The award-winning director recently made a cameo as a guest professor in multiple classes to impart his own opinions about the organic nature of performance art.
‘I believe in content driving form rather than the other way around,’ Hyland, a professor at the University of Cape Town, said of his vision. ‘You have to have something to say. That’s what makes great art.’
For the burgeoning choreographers in one workshop-style class, his approach upturned all preconceived notions about the origin of dance. His insistence that raw emotion be the catalyst behind an interpretive number rather than the very beat it follows left the dancers with wide eyes and forlorn faces.
‘The vocalist is responsible for the music,’ said Hyland. ‘An explicit emotion drove that artist to produce those notes, those words and tunes. What drives you? What is the responsibility of you as an artist?’ Hyland asked of the dancers.
Hyland, who has received several awards and nominations for works such as ‘Kissed by Brel Too,’ ‘Blood Wedding,’ ‘Masque: An African Opera’ and ‘Twelfth Night,’ demanded much from the new students. Though he fully accepted, even encouraged the students to admit, when they didn’t know what emotion was driving their piece, he didn’t accept them not searching within themselves to find the answers.
‘As an artist, you go to places that normal people are scared to go,’ said Hyland. ‘People spend their whole life learning how to exist in society, but they come to a performance to experience that which we are scared to experience in real life.’
Although he worked with the choreography students only three times during his stay, his mark was indelible on the growing performances.
Student Jeanette Fussell described her piece as visual interpretation of our busy lives and the need to simply take a breath. The ensuing dance consisting of a series of disconnected spasms and jerky movements, frenetic turns and hyper music was a perfect representation of a human life through the power of pirouettes. Fussell’s ability to translate stress to spins represented the necessity of content driven dances.

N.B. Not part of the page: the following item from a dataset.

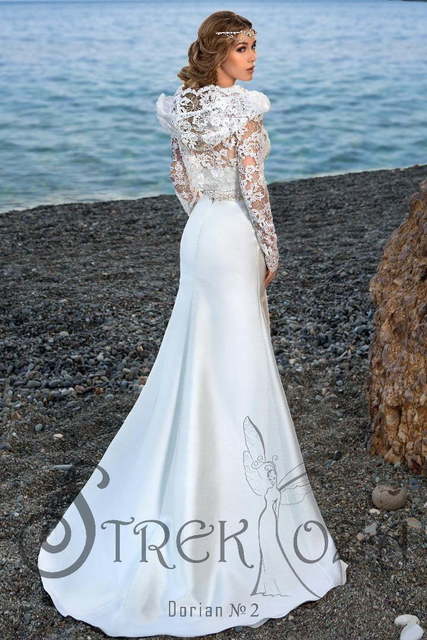Свадебное платье Дориан 2. Силуэт Рыбка. Цвет Белый / Молочный. Вид 2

Kinesiology professor Paula Thomson echoed Hyland’s sentiments while coaxing her dancers to probe their own emotions.
‘A choreographer’s biggest challenge is to learn how to question. Anyone can put steps together and call it a dance,’ said Thomson. ‘A choreographer must be curious and willing to learn. If you think you’ve learned it all, you’re dead.’
Student Gena Williams’ openness to change her own labor of love exemplifies her professors’ opinions.

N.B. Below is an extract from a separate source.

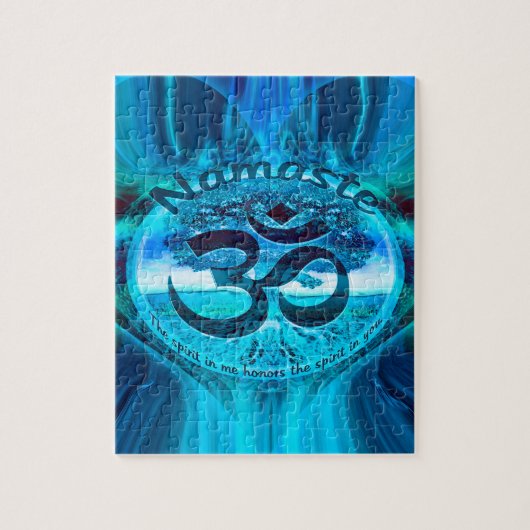 Puzzle Arc-en-ciel de bleu de Namaste (Vertical)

‘We want to expand it and explore it,’ Williams said of her piece. ‘We’ve already changed the music.’
After the 30-second performance of her dance, Hyland offered critiques and adulation. More feeling, less reliance on the emotions evoked by the music, and more breathing were oft uttered phrases from the director.
During the hour-and-a-half long class, Hyland physically and emotionally helped the dancers explore their beings. He spewed lofty phrases that would have sounded supercilious coming from anyone of a lesser caliber, but coming from him, they felt like profound utterances of truth.
By the end of the class students repeated each others’ epiphanies, vocalizing their thanks to the visiting director for helping them recognize dance as more than a series of movements and allowing them to explore the potential of those movements.
‘They have such a hunger for it,’ Thomson said. ‘It’s just wonderful to be around.’